### WHAT THIS TASK INVOLVES
Transcribe the lines from the start of the data below through the line with "614851611: Chica busca chico en Granada", word for word and nothing more.

Saved entries
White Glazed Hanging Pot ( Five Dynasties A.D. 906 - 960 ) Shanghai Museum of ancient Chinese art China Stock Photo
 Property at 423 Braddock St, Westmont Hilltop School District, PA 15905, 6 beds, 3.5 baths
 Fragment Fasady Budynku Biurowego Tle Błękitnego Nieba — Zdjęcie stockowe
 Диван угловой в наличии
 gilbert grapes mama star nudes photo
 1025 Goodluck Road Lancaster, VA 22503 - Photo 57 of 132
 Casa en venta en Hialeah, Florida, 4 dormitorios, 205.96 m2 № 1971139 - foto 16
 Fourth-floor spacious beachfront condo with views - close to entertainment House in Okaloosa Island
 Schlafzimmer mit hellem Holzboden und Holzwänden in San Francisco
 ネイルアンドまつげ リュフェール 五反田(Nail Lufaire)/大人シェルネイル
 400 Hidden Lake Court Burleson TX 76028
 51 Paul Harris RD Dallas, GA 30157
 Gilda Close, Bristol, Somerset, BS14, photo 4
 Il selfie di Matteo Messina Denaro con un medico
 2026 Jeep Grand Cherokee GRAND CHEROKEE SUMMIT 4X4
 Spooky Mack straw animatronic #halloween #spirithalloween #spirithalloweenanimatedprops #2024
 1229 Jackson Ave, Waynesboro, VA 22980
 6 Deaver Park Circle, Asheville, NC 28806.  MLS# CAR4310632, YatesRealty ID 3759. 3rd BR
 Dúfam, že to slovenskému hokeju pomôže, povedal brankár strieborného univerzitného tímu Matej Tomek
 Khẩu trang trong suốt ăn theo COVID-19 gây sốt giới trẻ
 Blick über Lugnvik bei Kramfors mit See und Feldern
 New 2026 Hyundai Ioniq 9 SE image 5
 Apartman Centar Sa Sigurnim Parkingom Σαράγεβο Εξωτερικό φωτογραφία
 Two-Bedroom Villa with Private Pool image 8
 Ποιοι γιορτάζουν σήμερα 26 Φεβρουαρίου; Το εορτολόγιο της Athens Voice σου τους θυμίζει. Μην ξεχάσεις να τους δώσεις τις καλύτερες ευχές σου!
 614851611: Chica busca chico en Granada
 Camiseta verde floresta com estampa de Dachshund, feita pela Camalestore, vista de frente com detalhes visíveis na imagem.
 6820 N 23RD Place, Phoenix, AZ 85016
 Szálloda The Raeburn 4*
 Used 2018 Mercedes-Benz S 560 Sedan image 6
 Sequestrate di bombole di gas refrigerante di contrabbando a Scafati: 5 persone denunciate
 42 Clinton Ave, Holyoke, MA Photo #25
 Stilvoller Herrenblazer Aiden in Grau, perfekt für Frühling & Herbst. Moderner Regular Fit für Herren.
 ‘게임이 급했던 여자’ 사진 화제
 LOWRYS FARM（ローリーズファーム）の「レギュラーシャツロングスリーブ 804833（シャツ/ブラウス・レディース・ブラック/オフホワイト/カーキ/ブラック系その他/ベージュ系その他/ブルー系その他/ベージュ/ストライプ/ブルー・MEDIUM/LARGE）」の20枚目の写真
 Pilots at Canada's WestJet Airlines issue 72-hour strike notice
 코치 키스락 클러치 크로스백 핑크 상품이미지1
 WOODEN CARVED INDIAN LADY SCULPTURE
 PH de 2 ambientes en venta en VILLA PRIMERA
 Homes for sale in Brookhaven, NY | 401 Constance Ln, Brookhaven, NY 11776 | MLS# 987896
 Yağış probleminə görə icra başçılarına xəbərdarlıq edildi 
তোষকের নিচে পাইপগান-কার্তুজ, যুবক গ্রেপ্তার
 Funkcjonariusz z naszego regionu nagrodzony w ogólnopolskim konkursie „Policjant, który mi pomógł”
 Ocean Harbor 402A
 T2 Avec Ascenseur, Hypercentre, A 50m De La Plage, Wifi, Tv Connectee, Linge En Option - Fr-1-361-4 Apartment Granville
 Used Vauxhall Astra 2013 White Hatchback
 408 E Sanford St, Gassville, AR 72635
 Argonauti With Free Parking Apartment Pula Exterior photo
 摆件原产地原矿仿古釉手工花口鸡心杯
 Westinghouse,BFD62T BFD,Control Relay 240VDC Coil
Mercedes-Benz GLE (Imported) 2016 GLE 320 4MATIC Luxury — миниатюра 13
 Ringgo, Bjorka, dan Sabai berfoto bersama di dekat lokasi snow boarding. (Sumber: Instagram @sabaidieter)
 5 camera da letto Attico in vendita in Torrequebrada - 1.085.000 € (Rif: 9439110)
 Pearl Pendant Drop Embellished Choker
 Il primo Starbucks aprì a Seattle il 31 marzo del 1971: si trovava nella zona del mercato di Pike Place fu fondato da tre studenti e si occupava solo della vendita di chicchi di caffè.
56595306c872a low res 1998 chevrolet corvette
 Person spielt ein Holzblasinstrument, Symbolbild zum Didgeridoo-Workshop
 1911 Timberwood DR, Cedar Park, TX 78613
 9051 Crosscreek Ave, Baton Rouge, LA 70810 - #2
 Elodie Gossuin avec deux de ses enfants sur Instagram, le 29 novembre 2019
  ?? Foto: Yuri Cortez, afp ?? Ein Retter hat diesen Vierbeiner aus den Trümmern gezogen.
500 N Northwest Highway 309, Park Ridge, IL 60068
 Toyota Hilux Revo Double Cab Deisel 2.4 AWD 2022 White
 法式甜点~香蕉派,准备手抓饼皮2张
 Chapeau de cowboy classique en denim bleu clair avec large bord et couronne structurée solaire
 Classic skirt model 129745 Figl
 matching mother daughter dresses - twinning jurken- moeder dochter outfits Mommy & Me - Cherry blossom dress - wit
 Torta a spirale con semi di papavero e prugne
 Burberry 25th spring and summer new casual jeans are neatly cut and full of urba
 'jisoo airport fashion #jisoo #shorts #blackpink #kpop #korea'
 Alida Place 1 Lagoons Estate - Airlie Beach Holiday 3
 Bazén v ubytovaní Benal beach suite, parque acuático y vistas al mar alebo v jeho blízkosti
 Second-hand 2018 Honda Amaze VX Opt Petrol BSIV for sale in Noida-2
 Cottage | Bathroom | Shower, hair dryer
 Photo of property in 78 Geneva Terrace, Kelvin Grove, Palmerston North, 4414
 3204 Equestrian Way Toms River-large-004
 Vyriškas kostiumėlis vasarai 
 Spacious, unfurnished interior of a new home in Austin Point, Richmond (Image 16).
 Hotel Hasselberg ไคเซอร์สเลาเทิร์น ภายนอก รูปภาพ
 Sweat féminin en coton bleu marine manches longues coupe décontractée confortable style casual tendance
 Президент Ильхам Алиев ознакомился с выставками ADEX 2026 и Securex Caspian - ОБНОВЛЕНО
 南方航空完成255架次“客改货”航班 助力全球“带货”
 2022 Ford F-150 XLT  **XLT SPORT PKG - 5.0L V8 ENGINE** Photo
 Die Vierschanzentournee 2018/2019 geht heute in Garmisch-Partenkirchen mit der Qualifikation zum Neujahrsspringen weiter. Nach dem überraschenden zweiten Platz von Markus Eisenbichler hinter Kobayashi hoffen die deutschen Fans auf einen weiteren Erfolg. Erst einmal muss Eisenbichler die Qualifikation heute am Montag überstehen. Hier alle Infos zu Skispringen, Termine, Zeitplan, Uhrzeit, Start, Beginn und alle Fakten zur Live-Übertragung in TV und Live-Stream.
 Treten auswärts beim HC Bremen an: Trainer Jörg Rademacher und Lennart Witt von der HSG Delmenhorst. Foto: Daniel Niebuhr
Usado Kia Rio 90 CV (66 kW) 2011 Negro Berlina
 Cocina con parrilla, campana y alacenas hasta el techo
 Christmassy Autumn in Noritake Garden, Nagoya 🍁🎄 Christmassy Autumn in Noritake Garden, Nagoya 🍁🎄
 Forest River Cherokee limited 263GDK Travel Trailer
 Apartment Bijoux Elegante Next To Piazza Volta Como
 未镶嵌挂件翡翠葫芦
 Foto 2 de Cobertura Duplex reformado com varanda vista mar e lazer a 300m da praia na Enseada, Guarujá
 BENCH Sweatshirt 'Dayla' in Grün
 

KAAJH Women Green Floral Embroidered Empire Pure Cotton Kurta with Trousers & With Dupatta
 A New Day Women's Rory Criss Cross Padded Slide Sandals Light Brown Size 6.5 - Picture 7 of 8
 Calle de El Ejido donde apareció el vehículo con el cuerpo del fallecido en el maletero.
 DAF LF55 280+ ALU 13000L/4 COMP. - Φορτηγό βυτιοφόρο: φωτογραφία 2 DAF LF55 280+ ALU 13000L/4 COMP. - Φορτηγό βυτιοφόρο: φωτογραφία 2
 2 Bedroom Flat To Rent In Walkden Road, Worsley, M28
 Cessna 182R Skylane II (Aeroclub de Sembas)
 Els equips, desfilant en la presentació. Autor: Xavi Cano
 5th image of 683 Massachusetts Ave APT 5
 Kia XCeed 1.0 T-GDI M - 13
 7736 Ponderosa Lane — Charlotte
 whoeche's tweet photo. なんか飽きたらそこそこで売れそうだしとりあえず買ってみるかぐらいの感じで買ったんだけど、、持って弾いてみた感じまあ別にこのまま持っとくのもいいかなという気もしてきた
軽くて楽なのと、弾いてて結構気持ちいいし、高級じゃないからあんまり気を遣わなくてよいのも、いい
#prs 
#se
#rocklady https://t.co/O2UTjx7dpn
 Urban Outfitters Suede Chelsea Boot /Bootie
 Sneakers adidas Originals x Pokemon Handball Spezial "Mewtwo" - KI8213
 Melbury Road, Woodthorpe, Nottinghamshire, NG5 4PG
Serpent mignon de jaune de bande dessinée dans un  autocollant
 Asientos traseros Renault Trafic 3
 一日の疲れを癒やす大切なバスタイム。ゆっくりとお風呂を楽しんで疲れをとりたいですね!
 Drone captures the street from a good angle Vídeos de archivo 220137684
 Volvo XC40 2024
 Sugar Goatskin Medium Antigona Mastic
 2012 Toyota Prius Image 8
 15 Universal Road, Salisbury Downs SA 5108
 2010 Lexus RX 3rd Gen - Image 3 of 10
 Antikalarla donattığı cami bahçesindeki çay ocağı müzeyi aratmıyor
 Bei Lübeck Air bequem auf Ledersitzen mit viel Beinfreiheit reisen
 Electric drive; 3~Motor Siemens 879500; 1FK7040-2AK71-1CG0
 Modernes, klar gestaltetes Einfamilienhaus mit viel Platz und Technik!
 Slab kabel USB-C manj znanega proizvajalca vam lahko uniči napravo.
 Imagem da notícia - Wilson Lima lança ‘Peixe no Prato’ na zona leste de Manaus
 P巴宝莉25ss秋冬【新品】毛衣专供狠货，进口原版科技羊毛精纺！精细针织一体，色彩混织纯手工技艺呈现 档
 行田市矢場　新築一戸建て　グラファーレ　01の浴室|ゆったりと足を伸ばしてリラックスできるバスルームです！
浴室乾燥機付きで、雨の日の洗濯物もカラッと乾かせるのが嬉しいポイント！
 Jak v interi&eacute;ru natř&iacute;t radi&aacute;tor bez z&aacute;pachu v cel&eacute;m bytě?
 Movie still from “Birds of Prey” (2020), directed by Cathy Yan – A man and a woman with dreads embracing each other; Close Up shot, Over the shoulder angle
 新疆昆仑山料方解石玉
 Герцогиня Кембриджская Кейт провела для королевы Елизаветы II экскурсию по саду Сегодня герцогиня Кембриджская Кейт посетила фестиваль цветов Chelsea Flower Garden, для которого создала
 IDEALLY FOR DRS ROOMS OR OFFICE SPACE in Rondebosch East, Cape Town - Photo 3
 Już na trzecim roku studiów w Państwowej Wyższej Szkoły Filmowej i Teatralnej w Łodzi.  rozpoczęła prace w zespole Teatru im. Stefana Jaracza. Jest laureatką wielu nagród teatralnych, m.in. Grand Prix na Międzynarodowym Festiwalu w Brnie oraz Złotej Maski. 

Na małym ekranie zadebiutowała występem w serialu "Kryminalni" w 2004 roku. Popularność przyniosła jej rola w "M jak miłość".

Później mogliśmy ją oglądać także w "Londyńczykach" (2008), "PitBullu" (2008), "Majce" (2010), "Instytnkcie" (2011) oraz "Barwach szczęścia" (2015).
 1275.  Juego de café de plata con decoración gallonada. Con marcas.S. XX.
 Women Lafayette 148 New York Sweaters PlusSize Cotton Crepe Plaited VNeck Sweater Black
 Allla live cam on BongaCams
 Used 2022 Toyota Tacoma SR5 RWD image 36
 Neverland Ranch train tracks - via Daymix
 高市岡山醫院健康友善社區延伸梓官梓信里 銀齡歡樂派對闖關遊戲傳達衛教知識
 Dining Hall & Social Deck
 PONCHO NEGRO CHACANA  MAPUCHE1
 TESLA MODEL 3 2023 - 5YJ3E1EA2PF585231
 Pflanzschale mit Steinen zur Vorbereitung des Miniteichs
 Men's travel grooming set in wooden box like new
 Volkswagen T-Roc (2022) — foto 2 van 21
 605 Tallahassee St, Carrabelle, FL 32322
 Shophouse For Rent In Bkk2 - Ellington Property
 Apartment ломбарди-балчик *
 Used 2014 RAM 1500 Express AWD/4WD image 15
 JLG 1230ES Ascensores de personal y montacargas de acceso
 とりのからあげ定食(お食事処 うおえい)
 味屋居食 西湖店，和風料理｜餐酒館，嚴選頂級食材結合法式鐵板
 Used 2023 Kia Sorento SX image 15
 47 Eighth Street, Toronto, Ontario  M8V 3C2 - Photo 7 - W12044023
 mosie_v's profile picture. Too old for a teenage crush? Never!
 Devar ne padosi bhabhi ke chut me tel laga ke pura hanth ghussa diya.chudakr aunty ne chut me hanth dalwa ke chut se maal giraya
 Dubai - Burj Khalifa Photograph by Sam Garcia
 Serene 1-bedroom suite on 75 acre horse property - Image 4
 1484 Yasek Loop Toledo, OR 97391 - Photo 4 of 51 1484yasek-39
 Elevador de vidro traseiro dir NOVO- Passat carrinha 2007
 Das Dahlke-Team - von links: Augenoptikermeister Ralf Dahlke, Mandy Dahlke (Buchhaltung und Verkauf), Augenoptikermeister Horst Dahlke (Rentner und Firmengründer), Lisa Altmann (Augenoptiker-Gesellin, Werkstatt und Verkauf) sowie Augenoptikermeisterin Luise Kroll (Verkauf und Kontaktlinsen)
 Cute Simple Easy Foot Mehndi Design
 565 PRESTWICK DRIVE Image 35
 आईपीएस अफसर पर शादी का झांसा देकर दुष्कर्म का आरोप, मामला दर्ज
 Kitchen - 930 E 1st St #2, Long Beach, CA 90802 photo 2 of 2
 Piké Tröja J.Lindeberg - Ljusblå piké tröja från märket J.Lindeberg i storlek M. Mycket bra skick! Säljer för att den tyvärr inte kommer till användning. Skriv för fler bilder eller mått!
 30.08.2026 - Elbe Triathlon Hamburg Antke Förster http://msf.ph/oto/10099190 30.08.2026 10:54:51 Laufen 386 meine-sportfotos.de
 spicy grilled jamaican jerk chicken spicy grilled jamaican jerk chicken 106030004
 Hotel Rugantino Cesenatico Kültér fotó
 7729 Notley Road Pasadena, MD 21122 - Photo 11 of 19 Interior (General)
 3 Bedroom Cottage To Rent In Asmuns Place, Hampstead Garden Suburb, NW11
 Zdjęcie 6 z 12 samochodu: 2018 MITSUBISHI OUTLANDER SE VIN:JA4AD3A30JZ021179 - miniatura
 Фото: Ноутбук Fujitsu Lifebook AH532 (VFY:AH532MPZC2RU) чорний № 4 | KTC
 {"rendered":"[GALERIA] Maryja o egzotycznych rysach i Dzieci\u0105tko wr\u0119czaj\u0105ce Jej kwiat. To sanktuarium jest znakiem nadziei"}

### ANSWER AREA
White Glazed Hanging Pot ( Five Dynasties A.D. 906 - 960 ) Shanghai Museum of ancient Chinese art China Stock Photo
 Property at 423 Braddock St, Westmont Hilltop School District, PA 15905, 6 beds, 3.5 baths
 Fragment Fasady Budynku Biurowego Tle Błękitnego Nieba — Zdjęcie stockowe
 Диван угловой в наличии
 gilbert grapes mama star nudes photo
 1025 Goodluck Road Lancaster, VA 22503 - Photo 57 of 132
 Casa en venta en Hialeah, Florida, 4 dormitorios, 205.96 m2 № 1971139 - foto 16
 Fourth-floor spacious beachfront condo with views - close to entertainment House in Okaloosa Island
 Schlafzimmer mit hellem Holzboden und Holzwänden in San Francisco
 ネイルアンドまつげ リュフェール 五反田(Nail Lufaire)/大人シェルネイル
 400 Hidden Lake Court Burleson TX 76028
 51 Paul Harris RD Dallas, GA 30157
 Gilda Close, Bristol, Somerset, BS14, photo 4
 Il selfie di Matteo Messina Denaro con un medico
 2026 Jeep Grand Cherokee GRAND CHEROKEE SUMMIT 4X4
 Spooky Mack straw animatronic #halloween #spirithalloween #spirithalloweenanimatedprops #2024
 1229 Jackson Ave, Waynesboro, VA 22980
 6 Deaver Park Circle, Asheville, NC 28806.  MLS# CAR4310632, YatesRealty ID 3759. 3rd BR
 Dúfam, že to slovenskému hokeju pomôže, povedal brankár strieborného univerzitného tímu Matej Tomek
 Khẩu trang trong suốt ăn theo COVID-19 gây sốt giới trẻ
 Blick über Lugnvik bei Kramfors mit See und Feldern
 New 2026 Hyundai Ioniq 9 SE image 5
 Apartman Centar Sa Sigurnim Parkingom Σαράγεβο Εξωτερικό φωτογραφία
 Two-Bedroom Villa with Private Pool image 8
 Ποιοι γιορτάζουν σήμερα 26 Φεβρουαρίου; Το εορτολόγιο της Athens Voice σου τους θυμίζει. Μην ξεχάσεις να τους δώσεις τις καλύτερες ευχές σου!
 614851611: Chica busca chico en Granada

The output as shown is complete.